I think this is an interesting idea, because even if these excess gains mainly come from avoiding unforeseen negative shocks to specific stock positions, you could say they come from a vulgar kind of market inefficiency. If the market really is naïve and tends to buy into management obfuscations and overstatements about short term performance, then some of this alpha could come from mispricings among firms based on this inefficiency. In other words, honest management causes their share price to decline. This decline reflects a higher required return, and that return is showing up as alpha in the Rittenhouse portfolio. Put yet another way, you could imagine this as a factor, with returns being a function of smallness, low market to book, momentum, and management honesty.
I would have hoped that markets would be functional enough that management honesty would create reputation, which would increase a firm's share price over time, manifest through a lower required return that would reflect a firm's earned reputational capital.
But, at least, if this is in an inefficiency, that means there are profits to be had for the discriminating speculator.
My experience has been that this is frequently an issue that can be very lucrative. Micro caps that are coming off of extended periods of poor operating and share price performance, with managed turnarounds and conservative, honest management, can be very satisfying positions to own. Frequently, these stocks will languish with very little trading volume, even after the turnaround becomes quite clear. I used to own shares in Onyx Acceptance Corp, which has since been bought by Capital One. They were a sub-prime auto loan firm, and they had really taken a hit in the 2000-2002 time period. They made very extensive public reports of their monthly loan performance, so with just a little work, an investor could get a good idea of the differences between the expected values of their loan portfolios and the book values. For some time, the market was discounting their book value, even though their new loans were clearly setting up to exceed book value. Management would report perfectly honest, transparent results, with the tone of a palpable yawn, and take a part of their compensation in options. Those were fun quarterly reports to get. It was like knowing a secret hand-shake.
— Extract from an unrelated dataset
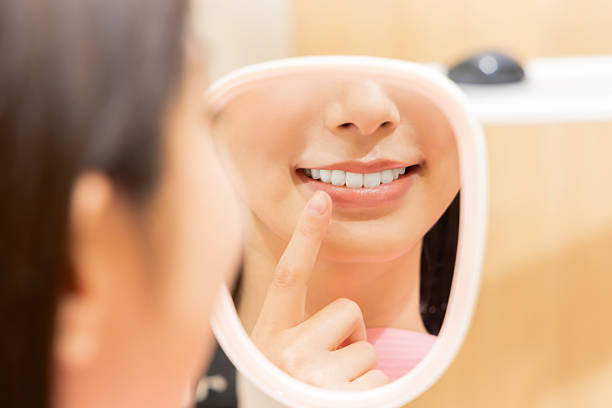 Affordable Teeth Cleaning And Checkup solutions in Lonaconing, MD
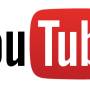 youtube-logo.jpg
Management was putting it all out there, but they weren't cheerleading. It just took a little patience to wait for the market to catch up. It surprises me how those type of opportunities seem to be available to individual investors.
While management candor is good for share buyers, I don't know that we can always say it is good for existing shareholders or management. There are a lot of agency issues here. On this kind of topic, in addition to conflicting goals between shareholders, management, and other stakeholders, there are conflicting goals between long term shareholders, short term shareholders, and potential new shareholders. And, while stock options might be associated in the popular mind with short term hucksterism among management, stock options may sometimes encourage management candor, at least for management that expects to have some permanence.